An awesome post over at the great Creating Passionate Users blog on how change is vital to people and organizations (duh) but how we are hard wired in our brains to resist change. The way to overcome this challenge is to introduce positive, intrinsic emotions instead of relying on simple logic or facts. This resonates with me. I’ll be at a party and a peer from school will be smoking a cigarette. I will ask him, “Are you nuts?” I’ve never understood teens who start smoking a cigarette or two a day and think they’ll just quit in a year.
For so many years, we thought of emotions as something to be down played, poo-poo’d. We thought: hey, we’re human beings with a big brain, using our logic we can live better lives. Now we know better: emotions are key to learning, memory, decision making, and to changing our behavior.
Facts don’t really make a huge difference in people’s behavior.
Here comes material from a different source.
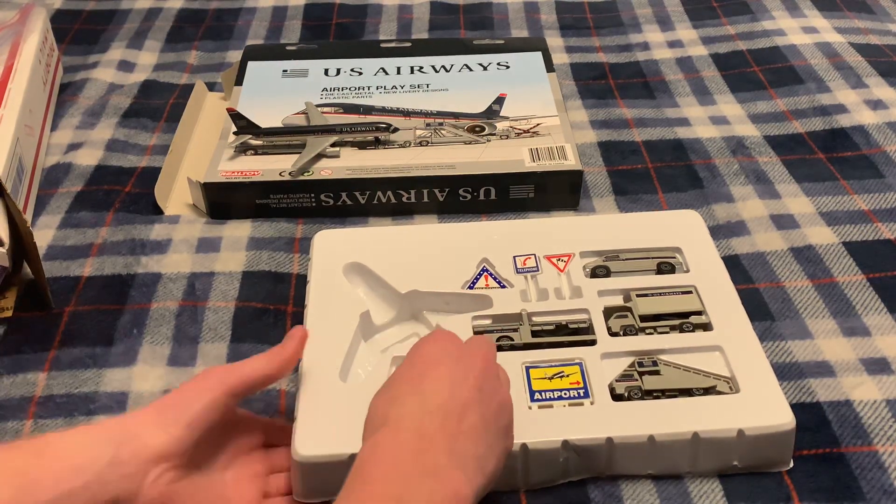We have the catering truck — right there. Trying to be careful with this. We have a van, which I guess can hold passengers or whatever. I'm not going to take that out because it'll be hard to get back in. We have an emergency sign, we have a telephone sign, and we have a little windsock sign.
I think this is surprising to people because we believe, intellectually, that knowing a fact (e.g. smoking is bad for you) should be enough to change your behavior. But it’s not! Proof positive: we’ve known for years that smoking is really bad for you, but people do it anyway. Facts are interpreted within a frame, as the article calls it. This frame is the existing structure and wiring of our brains. If we are told a fact that doesn’t fit in with that frame, then we simply ignore it or choose not to believe it.